Although most of this route is on fire roads and streets, the views make up for the lack of technical trails. You could theoretically get on the first boat of the morning, do this loop, and take the last boat home, but it is definitely worth staying over a day or two to enjoy all that this quaint little community has to offer.
Catalina Flyer offers boat trips out of Newport Beach. Catalina Express offers trips from San Pedro, Long Beach, and Dana Point. For either of those, you’ll need to RSVP in advance and be sure to get the tickets to transort your bike as well.
The trip described here begins at the Catalina Island Conservancy office; a place you’re going to have to visit to get a pass to enter the back country.
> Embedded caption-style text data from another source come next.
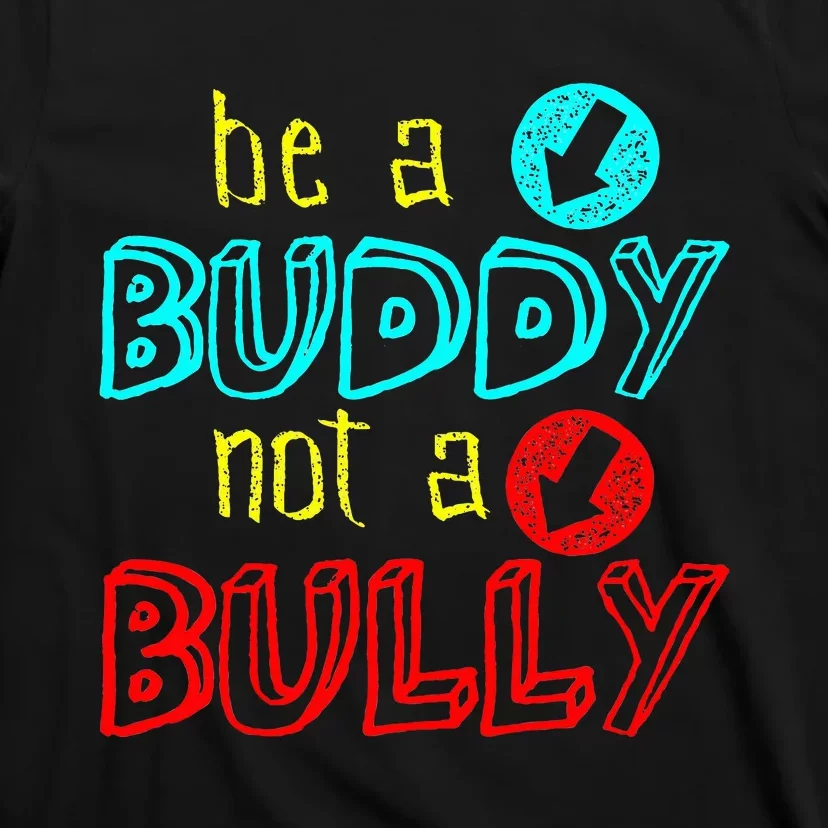 Anti Bullying Positive Message Be A Buddy Not A Bully T-Shirt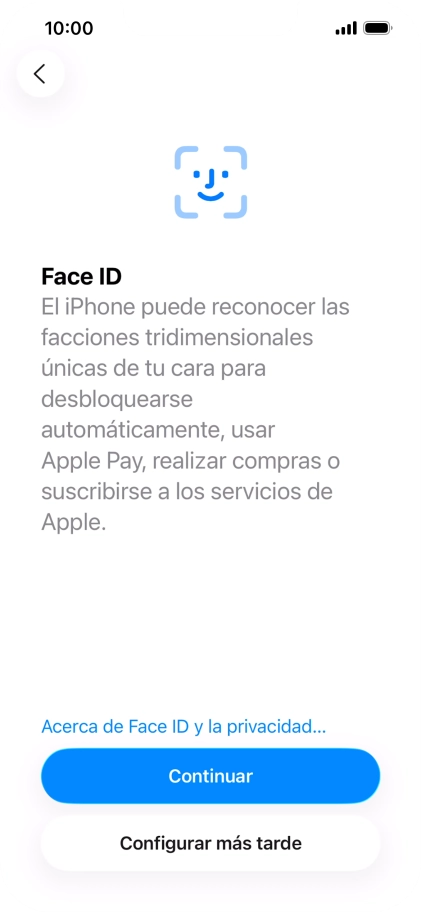Sigue las indicaciones de la pantalla para activar el uso del reconocimiento facial (Face ID) o pulsa Configurar más tarde. Sigue las indicaciones de la pantalla para activar el uso del reconocimiento facial (Face ID) o pulsa Configurar más tarde.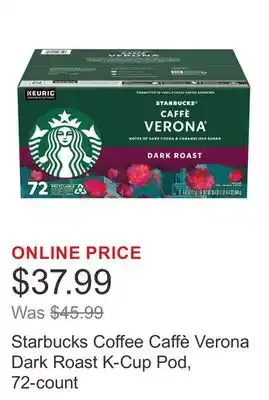 Costco Starbucks Coffee Caffè Verona Dark Roast K-Cup Pod, 72-count offer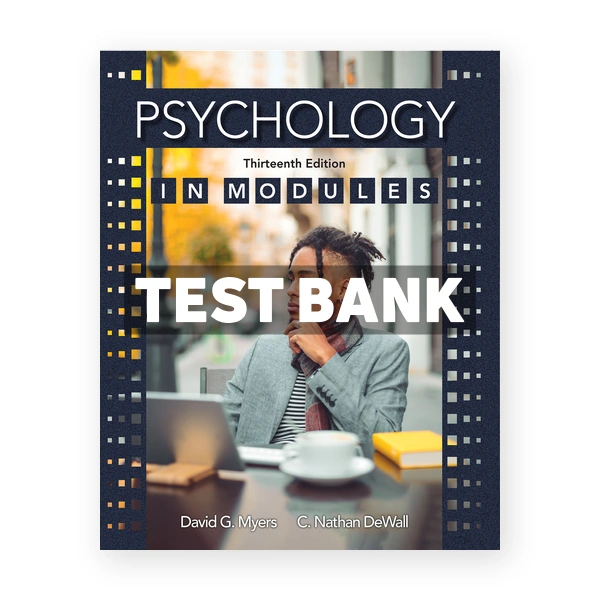Psychology in Modules 13th edition Myers Test Bank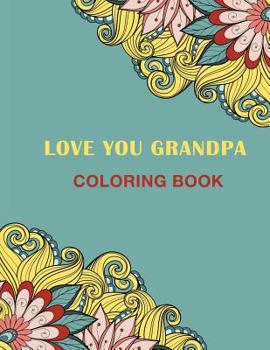 Paperback Love You Grandpa: Coloring Book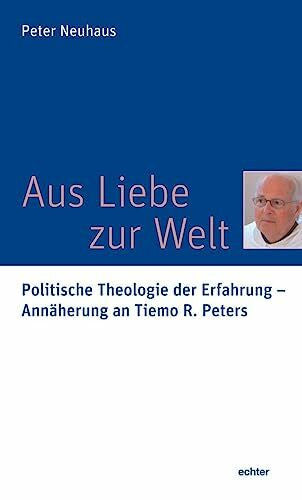 Neuhaus, Peter Aus Liebe zur Welt: Politische Theologie der Erfahrung - Annäherung an Tiemo R. Peters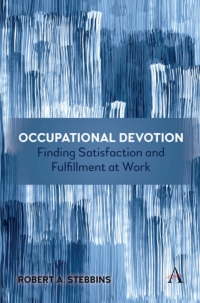 表紙画像: Occupational Devotion: Finding Satisfaction and Fulfillment at Work 9781839983139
The conservancy office is located at 125 Claresa Ave. Their phone number is 310-510-2595. More information can be found at their website: http://www.catalinaconservancy.org. The cost is $35 for an annual “Freewheeler” pass. If you plan well enough ahead, you can buy your pass on their website: go to Join / Engage >>> Become a member >> and then select the “Friend” option to buy your pass.
From the Conservancy office, go toward the beach and turn right on Crescent Ave. Turn left on Pebbly Beach Rd and follow the contour of the island. Just past the big boat docks, you may see a sign that says no bikes. Ignore it if you have your bike permit. Do not pass if you do not have your permit!
Within a couple miles you will see the Edison Desalination plant on your left and a hair pin turn to your right leading up Wrigley Rd. Turn right there. NOTE: Going any further on Pebbly Beach Rd will result in a rather unpleasant experience and ultimately, a bunch of dead ends.
Within about a mile, the Renton Mile Road (unpaved fire road) begins on your left. Turn left and go up this road.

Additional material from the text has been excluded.